*** DATA LISTING Section Begins ***
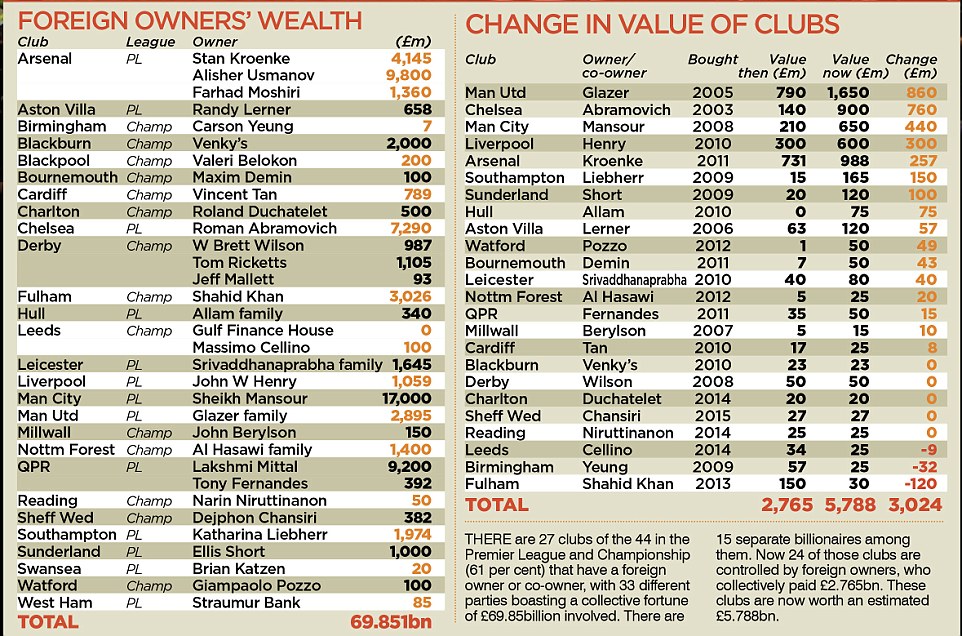 豪门逼宫欧洲足联：欧冠必须改制，别让英超赚光！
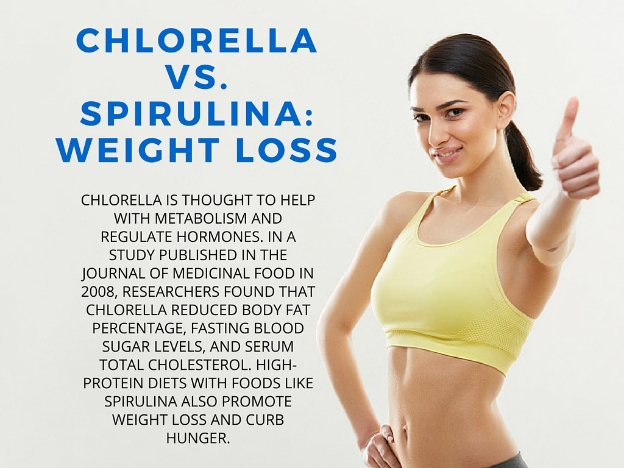 Chlorella vs. Spirulina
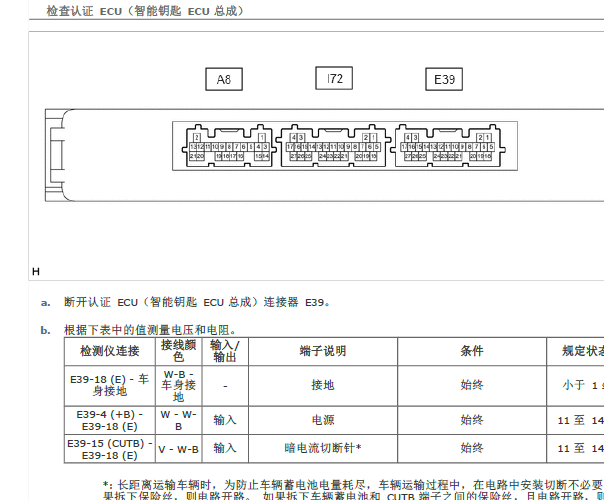 2018年丰田凯美瑞智能钥匙针脚资料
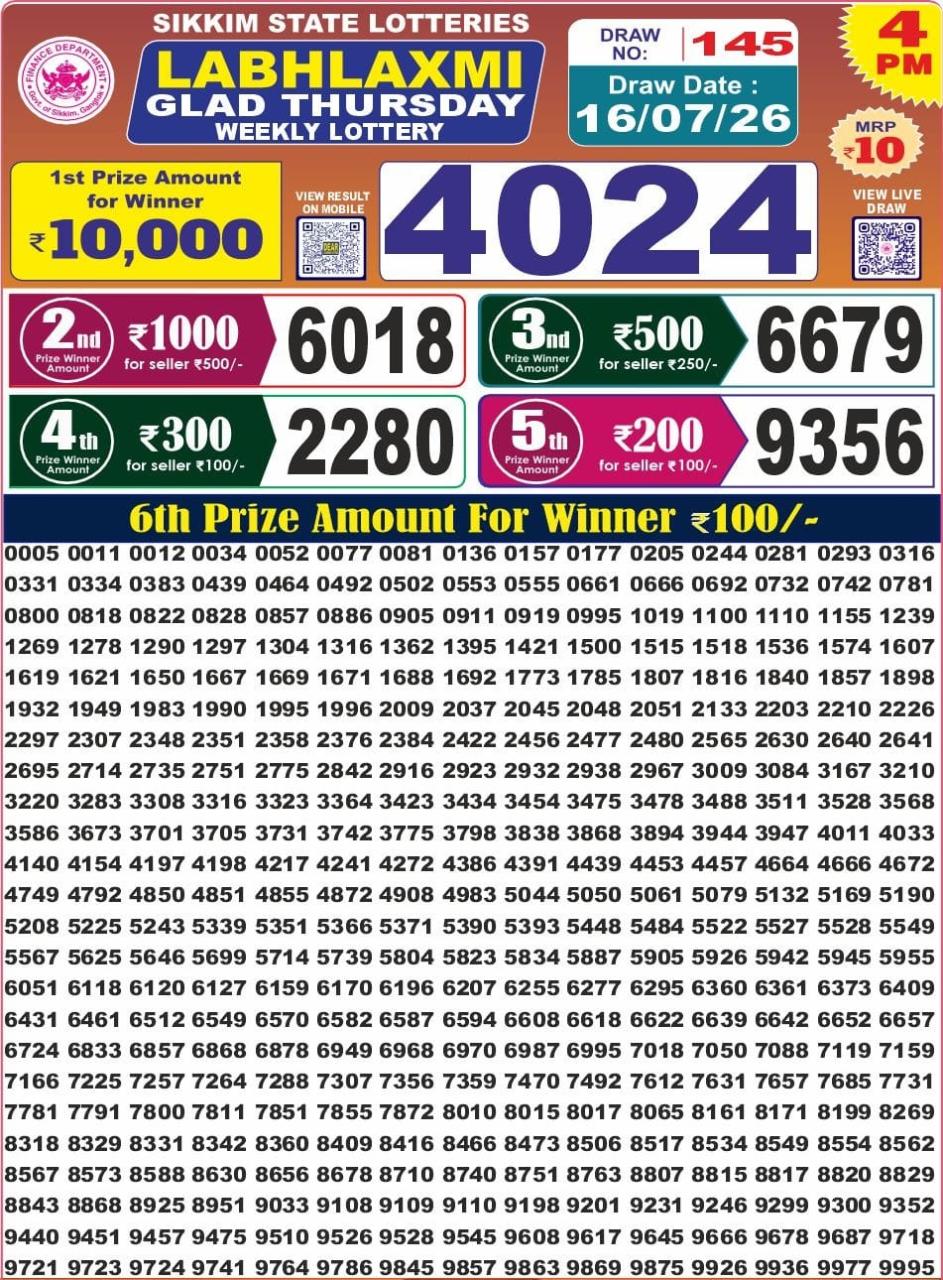 Today Lottery Sambad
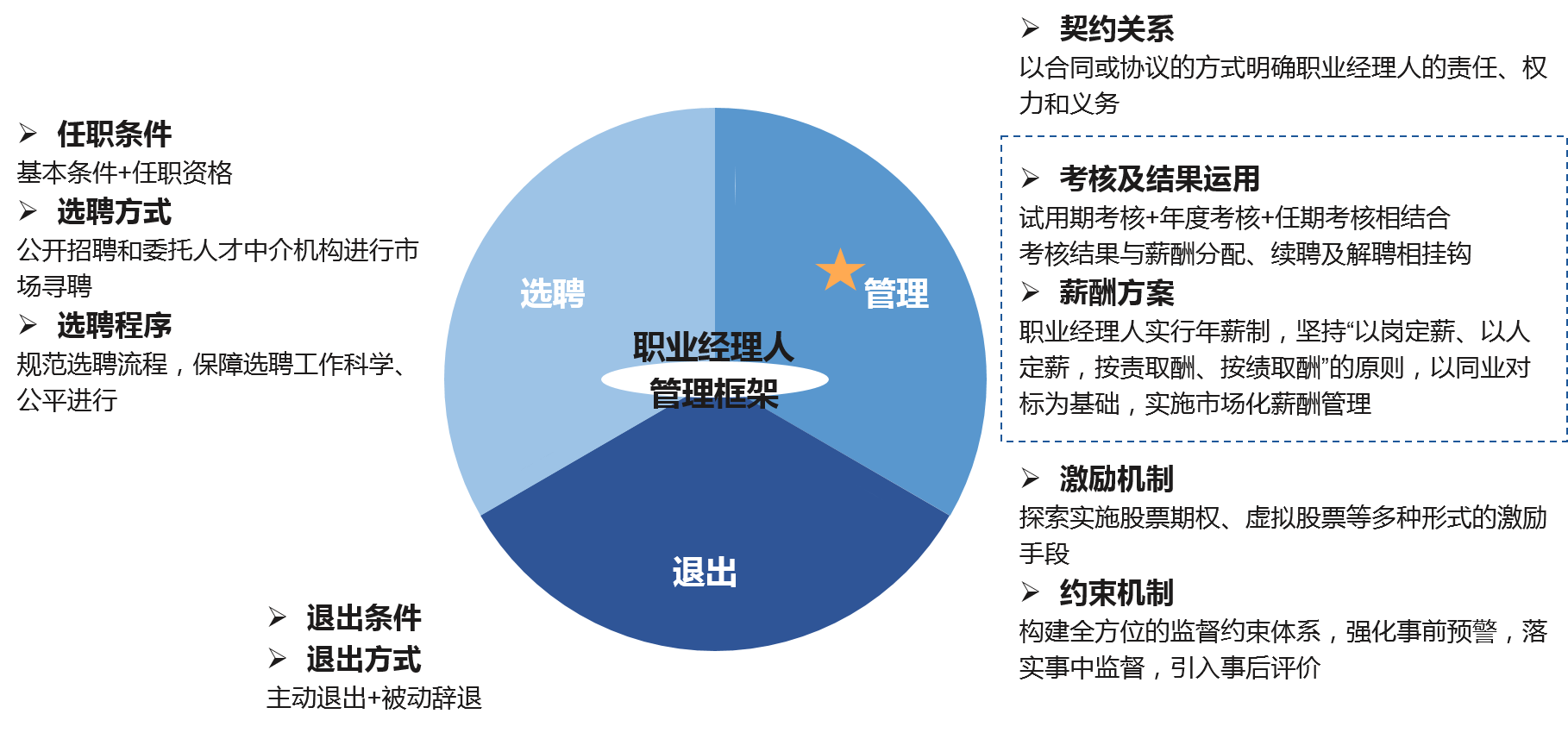 職業經理人制度是關于職業經理人選聘、管理、退出三方面的制度體系和運行機制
*** DATA LISTING Section Ends ***
• _INSTRUCTIONS TO FOLLOW_
Leave out every picture and copy the rest of the records exactly.

• _RESULT FOR THIS EXERCISE_
 豪门逼宫欧洲足联：欧冠必须改制，别让英超赚光！
 Chlorella vs. Spirulina
 2018年丰田凯美瑞智能钥匙针脚资料
 Today Lottery Sambad
 職業經理人制度是關于職業經理人選聘、管理、退出三方面的制度體系和運行機制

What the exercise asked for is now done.